Para lá das funções de Médico, Assis e Santos destacou-se também como Escritor e Historiador, sendo nesse sentido bem ilustrativas as obras que publicou, debruçadas sobretudo sobre o passado histórico de Mortágua. “O Pelourinho de Mortágua” é a sua primeira obra, onde descreve e interpreta com enorme minúcia os diversos elementos do único monumento do nosso Concelho com relevância nacional, bem como nos dá nota do seu enquadramento histórico, social e político. Uma obra que redigiu de forma intensa e num curto espaço de tempo após solicitação do Presidente da Câmara da altura, António Abreu, no contexto de celebração dos centenários da fundação da nacionalidade e da restauração da independência. 10 anos depois publicou “Mortalácum”, onde materializou o estudo que efectuou sobre a pré-história local, desde o tempo em que Mortágua era uma “terra de lagoas” até ao período de ocupação romana do território. Escreveu ainda “As Primeiras Viagens Oceânicas” e “O Nacionalismo Português na História Contemporânea”, mas para além destas contribuições, Assis e Santos era um poliglota que dedicava muito tempo ao conhecimento de línguas estrangeiras, sendo que falava inglês, francês, alemão, latim, russo… e nos últimos anos ainda estudou grego, o que mostra o grande interesse que tinha pelo estudo das línguas. Outra das suas paixões era a fotografia, com o relevo especial de as máquinas com que fotografava serem totalmente alteradas por ele. Por outro lado, empregou ainda grande parte do seu tempo na construção de um microscópio artesanal que contava, na altura, com a segunda melhor lente do país, segundo constam as memórias. A esse propósito, Assis e Santos convidava com frequência os Mortaguenses mais jovens para fazerem observações no microscópio, algo por eles nunca antes visto, na altura, o que nos demonstra que, além de interessado pelo conhecimento, tinha ainda um imenso gosto em fomentar esse mesmo interesse pelo conhecimento junto das outras pessoas. Note-se que viveu numa época em que a informação não circulava, nem de perto nem de longe, com a fluidez e a imensidão de hoje, o que trazia outra dificuldade e engenho a um processo investigativo do qual nunca abdicou, durante toda a sua existência.

 

O Médico e Amigo de Mortágua era um homem com uma enorme grandeza de alma e que demonstrava com a sua modesta, mas ao mesmo tempo riquíssima vida, cultivar os mais nobres valores, revelando traços de uma personalidade profunda e singularmente altruísta, que ainda hoje é recordada com saudade e com uma incrível admiração por quem com ele privou.
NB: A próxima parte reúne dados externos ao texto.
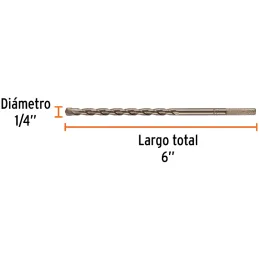 Brocas Concreto 1/4" x6" ZP3 Truper 11206 Truper-Brocas Concreto 1/4" x6" ZP3 Truper 11206 Cuerpo de acero al cromo que ofrece m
Assis e Santos foi simplesmente brilhante em toda a sua dimensão científica e intelectual, além de desarmantemente frugal no trato e na aparência, fruto de uma educação rígida que teve desde o nascimento, e que lhe “modelou o espírito”, segundo palavras do próprio, sendo que é daí que surge a sua feição mais abnegada, ou mesmo servil, até, tal era a sua dedicação praticamente total e de forma desinteressada à causa dos outros. Nos dias que correm, já não há homens como ele.